Wednesday, May 28, 2008

A Summer Without Racing

So with that first and last hurrah, my racing season is officially done for the year. I haven't gone a summer without racing since I was pregnant with my almost-9 year old. I've promised my hubby that we'll take this summer and focus on bike touring with the kids, gardening, building a front porch onto our house, and getting everything ready for our bike trip in Italy in the fall. It's not like I'm complaining or anything, but I'm not quite sure I'm going to know what to do with myself. It's one thing not to race when you're pregnant, big as a beachball and too uncomfortable to run ten paces, it's another thing altogether when you're feeling froggy and full of energy.

I definitely have no plans to stop swimming, biking, and running. But I've always used my races as a focal point for my training. I'm not the kind of person who can go to a gym and hit the treadmill and exercise just for some nebulous goal like "staying in shape" or "having a good body". Good health, good shape, and great fitness are all side-effects of the triathlon lifestyle in my book. Hubby has started running with a running group, which is great for Mr. Talkative, who really loves having the company out there on the road, but it's not my thing. Still, his group is doing one of those 200-mile relay thingies and I'm going to be on their team for that. Which means I'll have to at least keep enough running fitness to go three 6-mile legs in the altitude (it starts at 7,000 feet) and heat of August. And swimming is never a problem because I so love swimming outdoors in the summer. My parents had to drag me by both feet out of any body of water larger than a puddle when I was a kid and I haven't changed much since then. And of course, we'll be on the tandem bikes all summer.

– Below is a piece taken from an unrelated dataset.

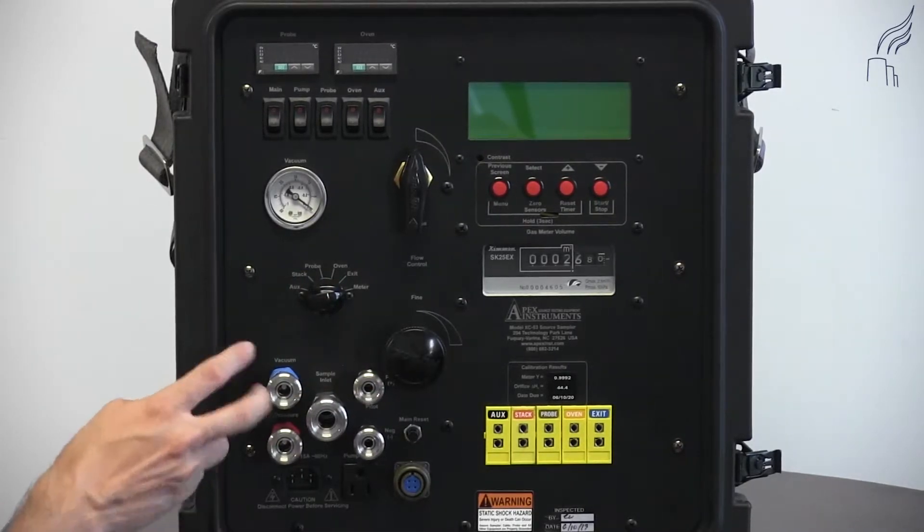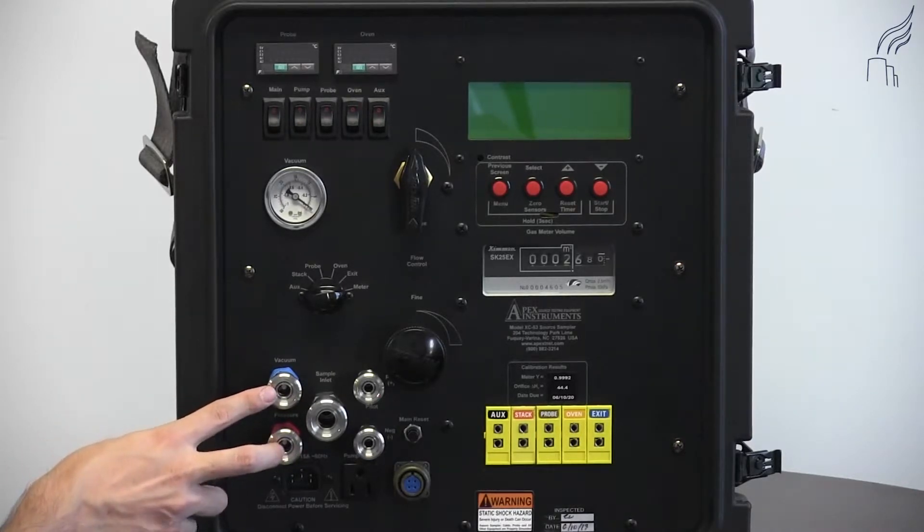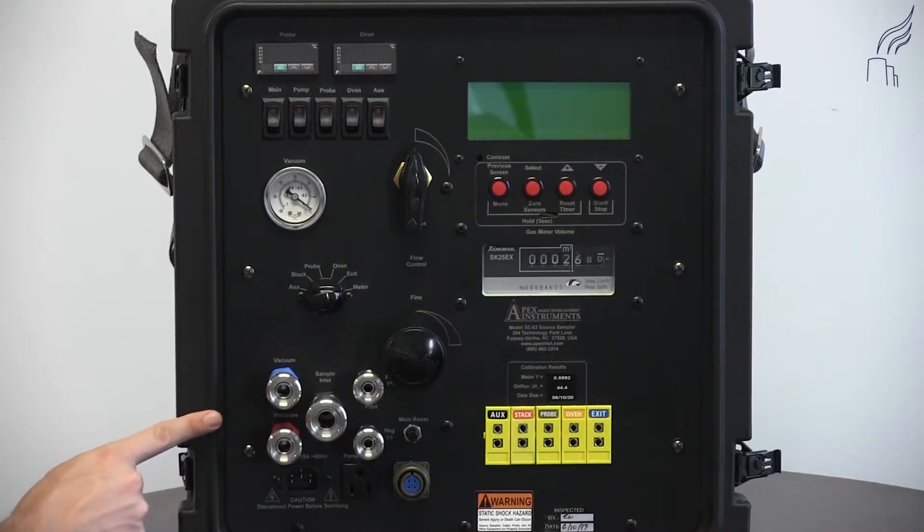Below this, we have our quick connects. For a booster pump — this is an optional feature, so not all consoles will have this — this allows you to put a booster pump in addition to the pump in the console to allow you to have more flow if needed.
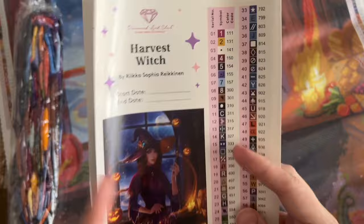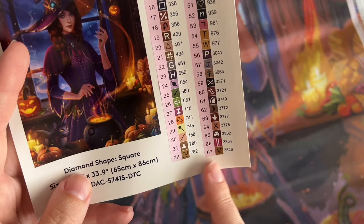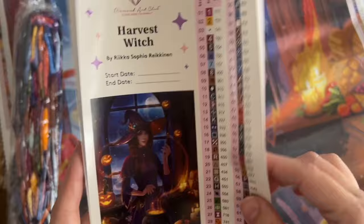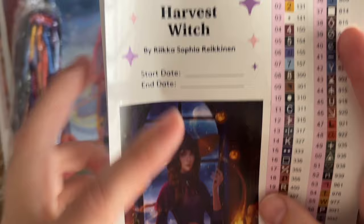We do have two sticker sheets here because this kit is quite colorful — it's going to have 78 colors in total. That is a somewhat recent development over the past several months where Diamond Art Club started expanding past the 67-color max that they had, and now we're seeing kits with even more than that, which is fun. I do like that they include these larger sticker sheets.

So I guess I can make it through.

But you know, when I'm reading all of the triathlon blogs I love to follow, I'll be jealous of those race reports rolling in through the summer months. There's something so beautiful about testing your body out against a course and the other athletes out there. I don't know what it is, because there are many times when it doesn't feel all that terrific in the moment, and you're asking yourself why the heck you're not still in bed, but in the end I'm always grinning when I cross that finish line. I'll let you know how my withdrawals go...

1 comment:

Trihardist said...

Save it up.

Know what I mean?

Reading blogs and books and training plans or even just hanging out and watching other people train . . . don't you get this incredible urge to be out there, to be doing it? Of course you do. That's probably what you mean by feeling froggy.

So save it up for next season, or for the next race! Store it away, so that when your training in years to come gets really tough, you can draw deep on that feeling and remind yourself just how much you love it. Maybe it'll give you an extra boost sometime next year, or whenever it is that you get to race again!